Your employer isn’t allowed to punish you for exercising a legal right — even if you’re causing your employer some distress.

However, employers don’t always respect their employees’ rights — and some will go out of their way to get revenge on an employee. When that kind of retaliation happens, you can find yourself suddenly fired for an unfair (and illegal) reason.

Because retaliatory discharges are against the law, it’s possible to bring a lawsuit against your employer. In order to be successful, however, you need to understand what you have to prove:

You participated in a protected activity

This is usually the easiest part of a case to prove. The Equal Employment Opportunity Commission (EEOC) provides detailed information about what equals protected activities, but they include things like filing a complaint about unsafe working conditions, complaining about sexual harassment or another type of harassment and reporting illegal activity. You also have a protected right to refuse to obey an illegal order from your employer, request accommodations for your religion or disability and discuss working conditions, benefits and salaries with other employees as part of a constructive discussion designed to foster improvement.

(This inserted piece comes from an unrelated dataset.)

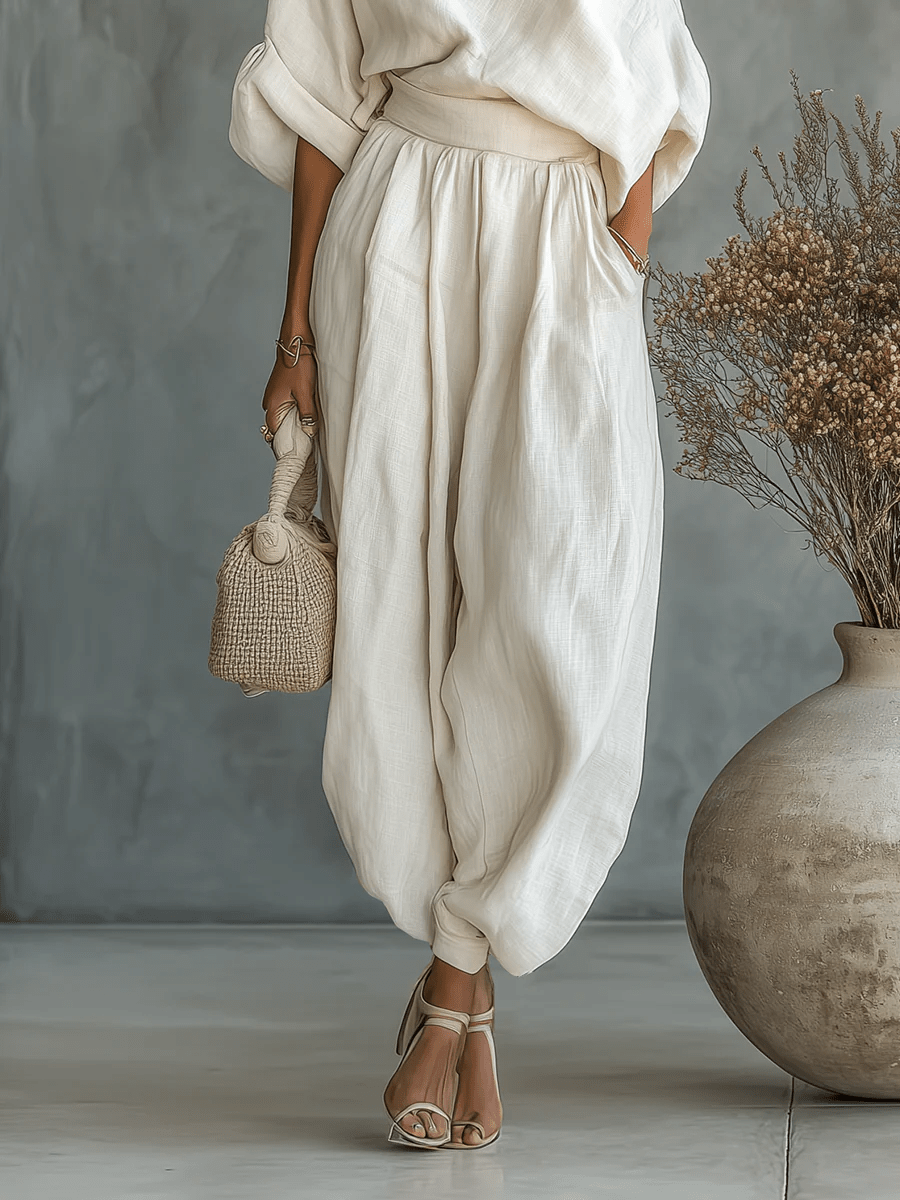 Conjunto Top Off-Shoulder Blanco Roto y Pantalón Slim-Fit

You were punished by your employer

If you’ve been fired or demoted, that’s clearly a punishment. Less clear are actions like transfers or changes in job duties. You may have to struggle to show the court that the changes were objectively a punishment and not something that served a legitimate business purpose.

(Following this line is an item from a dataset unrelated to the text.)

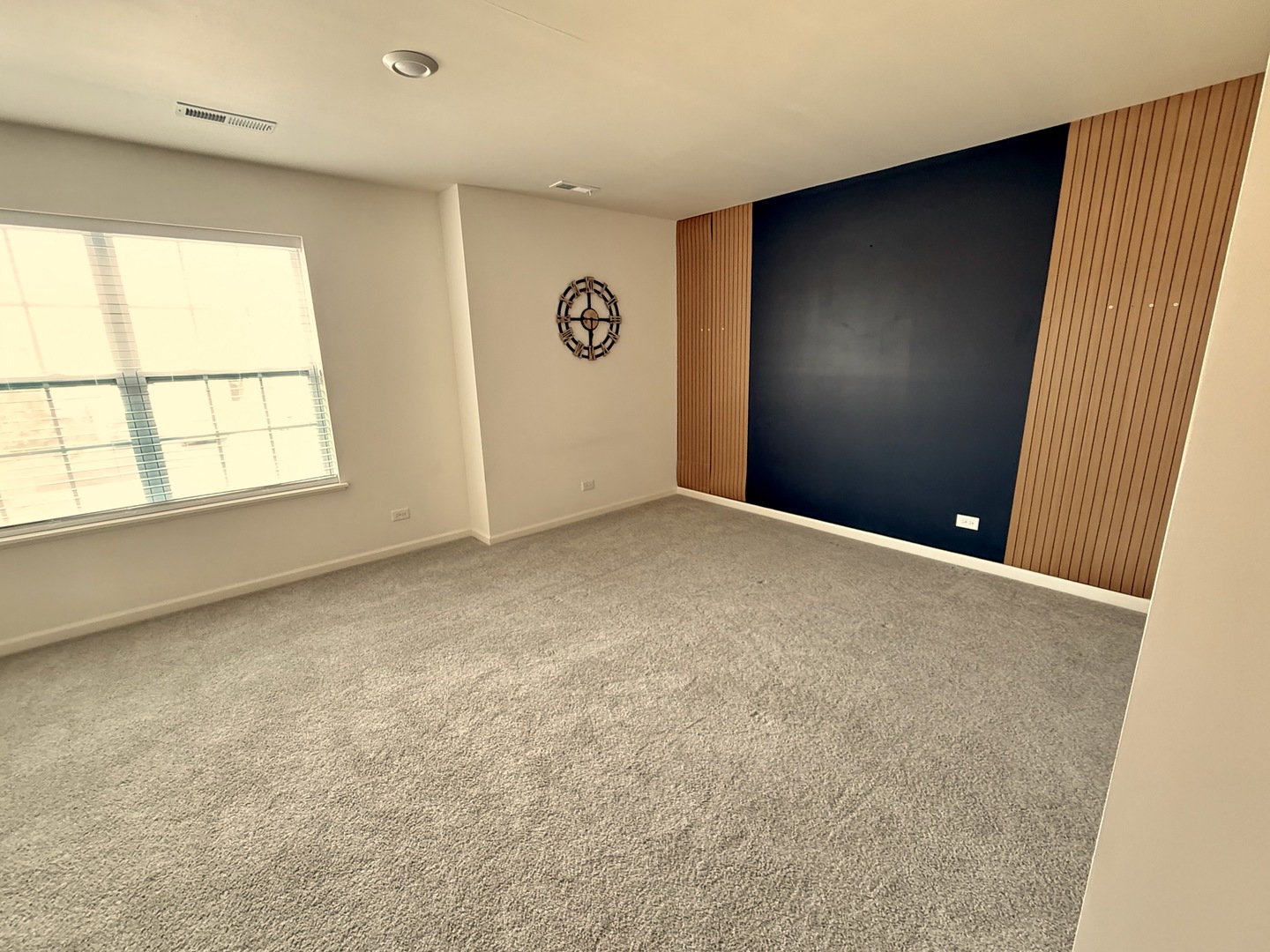 McHenry, Illinois 60050, United States, 3 Bedrooms Bedrooms, ,3 BathroomsBathrooms,Residential,Active,212352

The punishment was due to your protected actions

This is usually the hardest part of a case — but that difficulty depends a lot on how clever or brazen your employer was when he or she fired you. Some employers think that they’re immune from the law and act with impunity. They’ll let you and everyone else know exactly why you were fired. Other employers will try to hide their retaliation.

It’s important to understand that being fired isn’t automatically an act of retaliation under the law. If your employer can show that you were fired for a reason other than your protected action, your lawsuit will fail.

That’s why it is so important to keep good records if you are about to do something that you know will displease your employer. You may need those records to prove your case if your employer retaliates.